Disambiguating perroquet in the roman : Modernizing Firthian principles with computational tools

  1. 1. G. Aileen Clark

    Université d'Ottawa (University of Ottawa)

Work text
The idea of disambiguation is not a new one. However, computational tools of analysis have enabled modern researchers to resurrect once disregarded approaches, such as collocational analysis. In the early 1950s, the British semantician J.R. Firth proposed a theory of collocational study. In his work Speech, he suggested that by analyzing the distribution surrounding a given ambiguous word, one could then predict the environment that would connote one meaning versus another. Until recently, attempting this type of analysis seemed unthinkable. One hesitated because finding an exhaustive list of a word's occurrences would be nearly impossible. Thanks to computer databases such as ARTFL, we are now able to request a search for a word to analyze the distribution through collocation as Firth intended.
This paper shows how we can modernize our approach to linguistic disambiguating by using Web databases such as ARTFL to collect and sort data. It presents conclusions derived from a collocational analysis of perroquet, followed by a commentary on the significance of these findings as they apply to the study of exotic terminology within the history of the novel.

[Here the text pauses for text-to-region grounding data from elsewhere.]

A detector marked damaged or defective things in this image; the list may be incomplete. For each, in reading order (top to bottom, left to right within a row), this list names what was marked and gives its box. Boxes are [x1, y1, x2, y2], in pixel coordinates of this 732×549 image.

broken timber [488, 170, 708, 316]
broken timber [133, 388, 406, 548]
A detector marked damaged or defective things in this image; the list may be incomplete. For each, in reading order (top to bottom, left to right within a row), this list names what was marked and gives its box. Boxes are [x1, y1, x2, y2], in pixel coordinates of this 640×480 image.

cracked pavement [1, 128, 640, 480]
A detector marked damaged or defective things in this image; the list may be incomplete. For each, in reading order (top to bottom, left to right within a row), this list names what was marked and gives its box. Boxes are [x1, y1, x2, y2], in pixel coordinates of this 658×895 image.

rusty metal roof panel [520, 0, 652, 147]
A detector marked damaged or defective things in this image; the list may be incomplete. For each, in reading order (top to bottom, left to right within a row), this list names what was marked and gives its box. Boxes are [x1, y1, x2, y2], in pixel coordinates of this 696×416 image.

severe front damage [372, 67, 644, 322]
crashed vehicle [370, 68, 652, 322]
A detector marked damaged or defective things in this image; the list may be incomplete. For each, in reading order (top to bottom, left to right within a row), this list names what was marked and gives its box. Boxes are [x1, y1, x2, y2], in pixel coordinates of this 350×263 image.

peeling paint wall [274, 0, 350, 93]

The term perroquet first appeared in French literature during the seventeenth century. Used to colour and beautify literary language, the term 'perroquet' belongs first to exotic vocabulary. Upon closer analysis, one also finds the term perroquet used in the literal sense, to mean "the bird" itself. The semantic duality of perroquet justifies further study of this term, as it appears in 17th century literature, but also as it manifests itself in modern and contemporary literature. The first point of interest lies in predicting which of the two meanings is connoted within a given context of perroquet. By studying the contextual environment which surrounds an ambiguous term like perroquet, the reader of the modern era can transcend temporal gaps, ultimately grasping the meaning of a text fragment. This fosters a better understanding of the work as a whole.
This study's main objective is to analyze the term perroquet within its distribution in order to disambiguate its meaning. By querying ARTFL in all types of documents, we found 771 occurrences. Given the nature of a collocative study, which relies on syntactic and semantic distribution, certain genres would risk skewing the results. This is the case with poetry, which arbitrarily chooses the distributional context that surrounds a given word. So it is appropriated to restrict the corpus in a way that included occurrences that manifest themselves in the roman. This restricted query of the ARTFL database found 482 occurrences of the word perroquet, total of which formed the corpus for study.

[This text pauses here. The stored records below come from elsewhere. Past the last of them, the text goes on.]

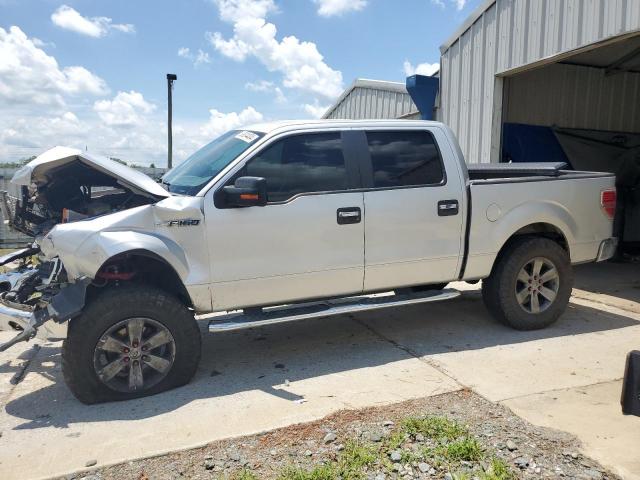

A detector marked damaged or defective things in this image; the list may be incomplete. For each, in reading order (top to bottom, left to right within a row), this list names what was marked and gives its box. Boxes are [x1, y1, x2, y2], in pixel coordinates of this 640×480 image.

crumpled hood [13, 145, 171, 200]
damaged front end [0, 248, 90, 352]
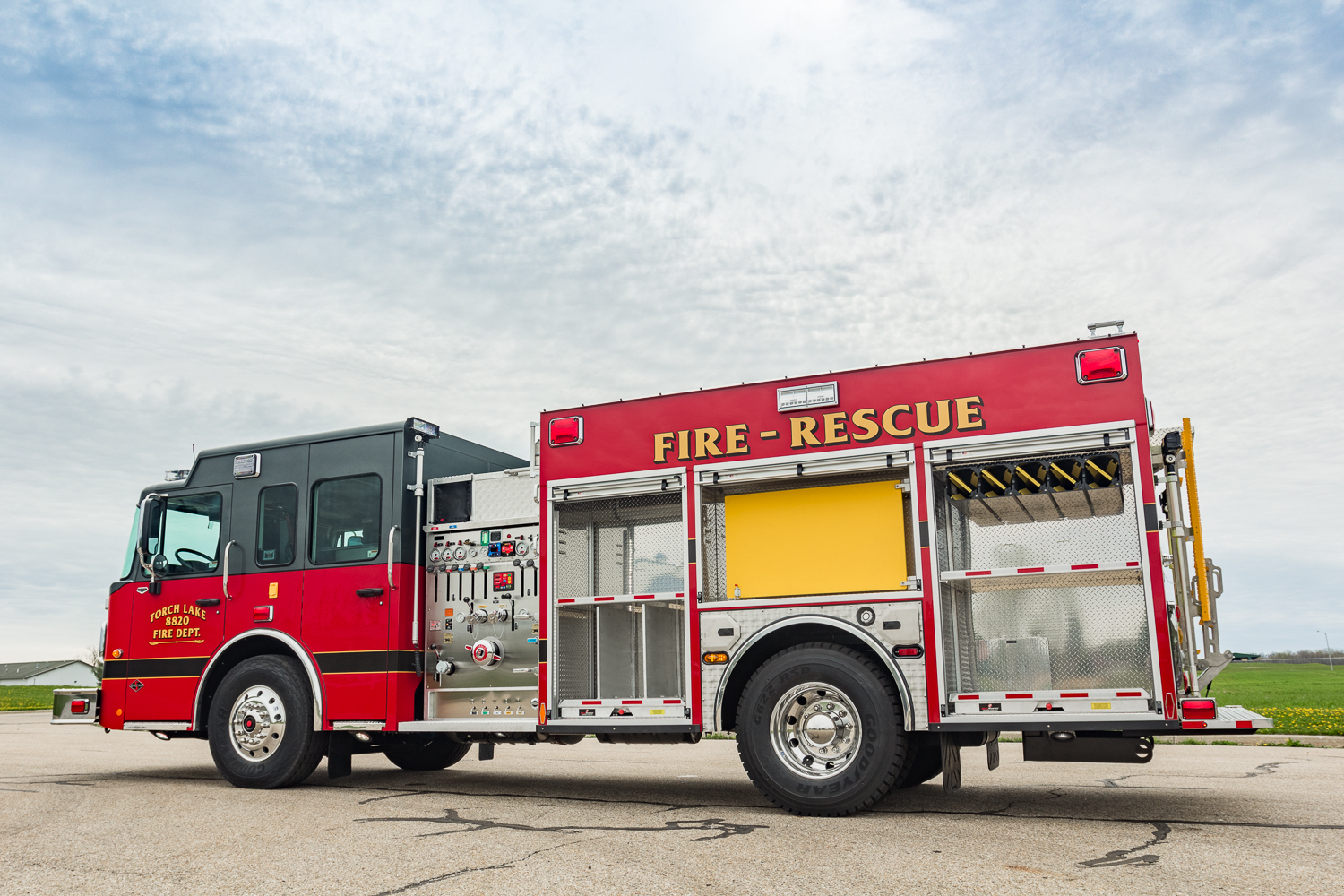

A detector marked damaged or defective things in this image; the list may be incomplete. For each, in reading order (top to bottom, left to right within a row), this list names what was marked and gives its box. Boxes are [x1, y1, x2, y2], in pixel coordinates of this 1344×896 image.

pavement crack [355, 806, 769, 843]
pavement crack [1081, 822, 1167, 870]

The second part of the research classifies the occurrences in such as way as to regroup occurrences with similar semantic or syntactic features. This part of the research involves creating a semantic classifier to significantly reduce the time spent on classifying the occurrences. For perroquet, semantic similarities within a 20-word distribution are identified. This allows prediction of the types of context that connote one function of perroquet rather than the other. This work builds on an earlier study of the term bienseance in 17th century France, and offers another example of a study which successfully uses the collocational approach through syntactic distributional similarities.The first main classification identifies all the literal uses of perroquet. Perroquet, in collocation with one or more verbs with the semes (+perroquet, +action) connoted literal meaning of "the bird." Using the same method of classification shows that exotic uses of perroquet show a predominant type of collocational relationship - the term perroquet is preceded by a comparison connector such as comme or ainsi que.Thus, by using the context, one can predict the meaning of the word perroquet. Computers in collocational text analysis foster a method of semantic disambiguation which establish contextual patterns. These in turn determine which meaning of perroquet is produced. By allowing the researcher to remain within the text, to read and analyze using nothing but the text itself, this method of disambiguating terms is a useful tool for linguistic analysis.Having looked at the purely linguistic aspect of this study, one is led to question the practicality of this type of analysis. What is gained from knowing when perroquet is used in the exotic meaning instead of the literal meaning? The data acquired from the linguistic study of perroquet furthers literary analysis of the term as it appears within a certain genre (i.e., the roman.) From a literary study point of view as it provides a basis from which to analyze the uses of exotic vocabulary in the novel, both modern and classical. Preliminary analysis suggests that the exotic uses of the term perroquet decrease over time in the novel. This suggests that, as society opened its borders and expanded its horizons, literature incorporated once exotic terminology as part of everyday vocabulary.